[Start of section]

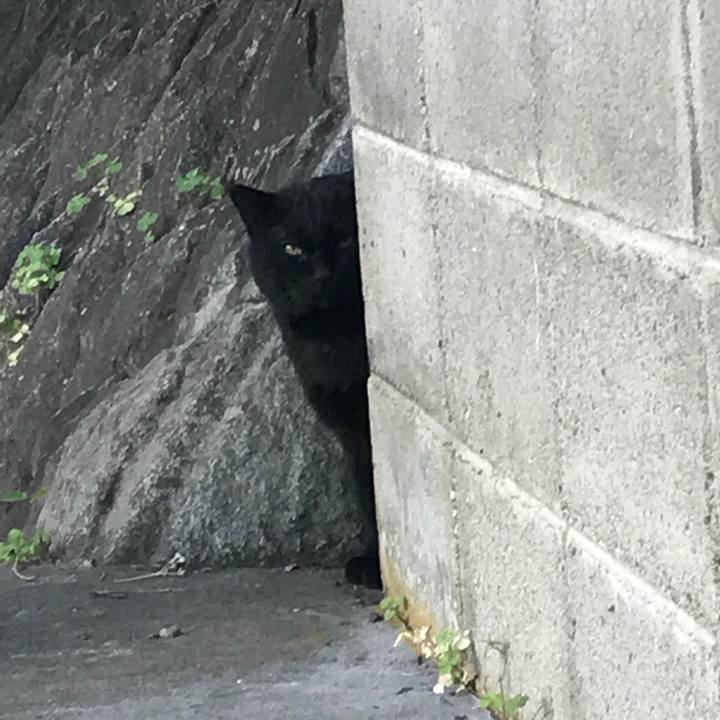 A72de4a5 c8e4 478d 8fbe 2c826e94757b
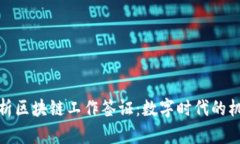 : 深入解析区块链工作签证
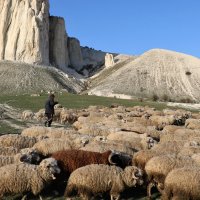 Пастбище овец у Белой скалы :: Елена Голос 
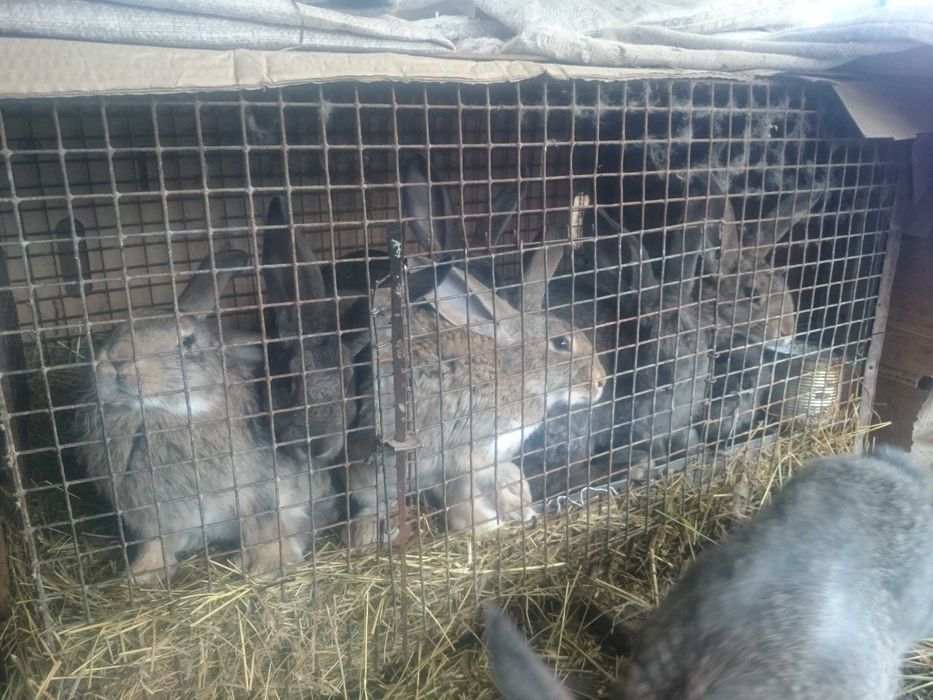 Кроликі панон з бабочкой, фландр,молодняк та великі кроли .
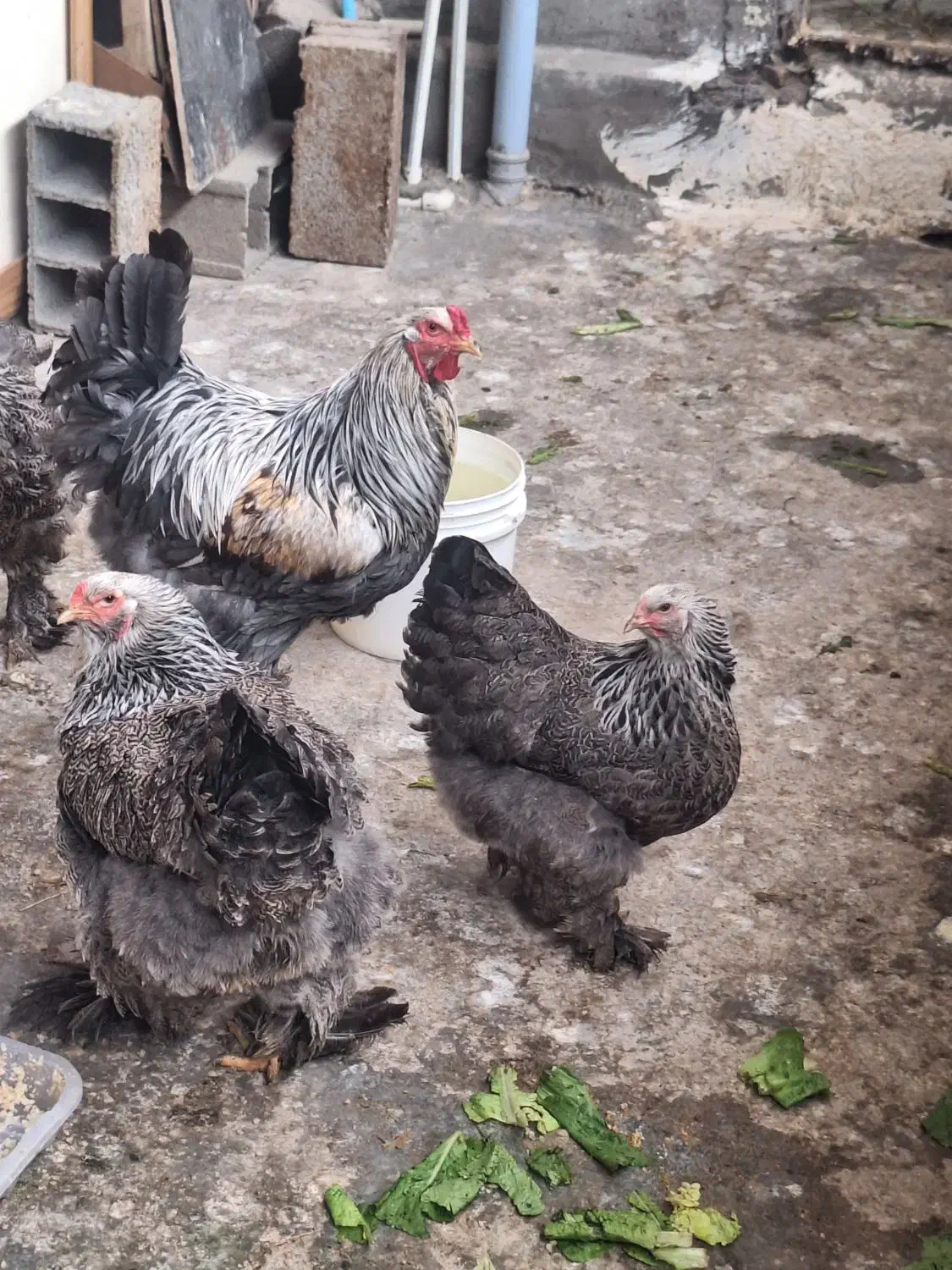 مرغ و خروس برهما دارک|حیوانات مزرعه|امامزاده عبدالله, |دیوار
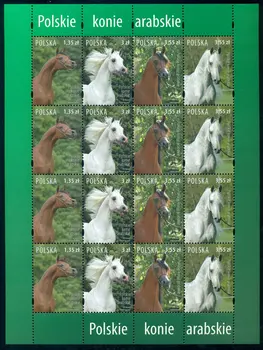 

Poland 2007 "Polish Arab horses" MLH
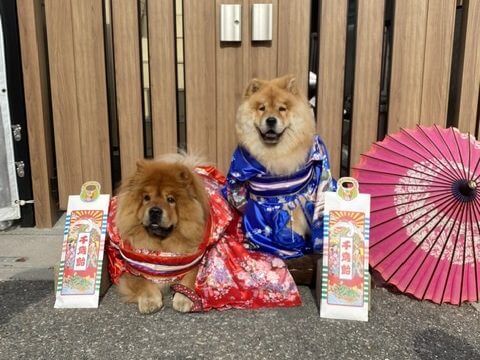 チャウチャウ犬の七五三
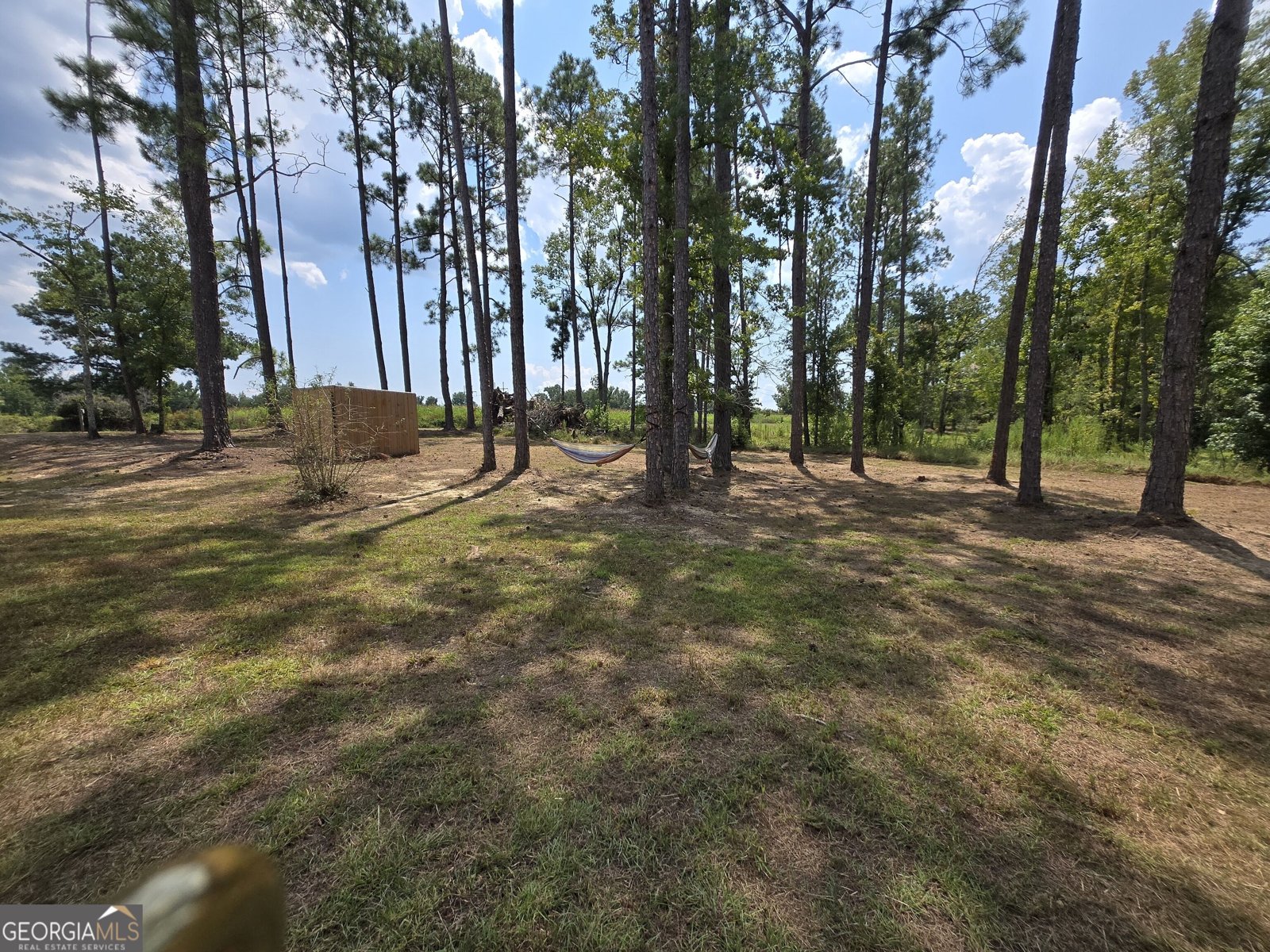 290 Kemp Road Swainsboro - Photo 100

[End of section]

→ **Work to complete**
Begin at the line containing "チャウチャウ犬の七五三" and extract every line through the end of the records, inclusive, exactly and only; omit pictures.

→ **Answer area**
 チャウチャウ犬の七五三
 290 Kemp Road Swainsboro - Photo 100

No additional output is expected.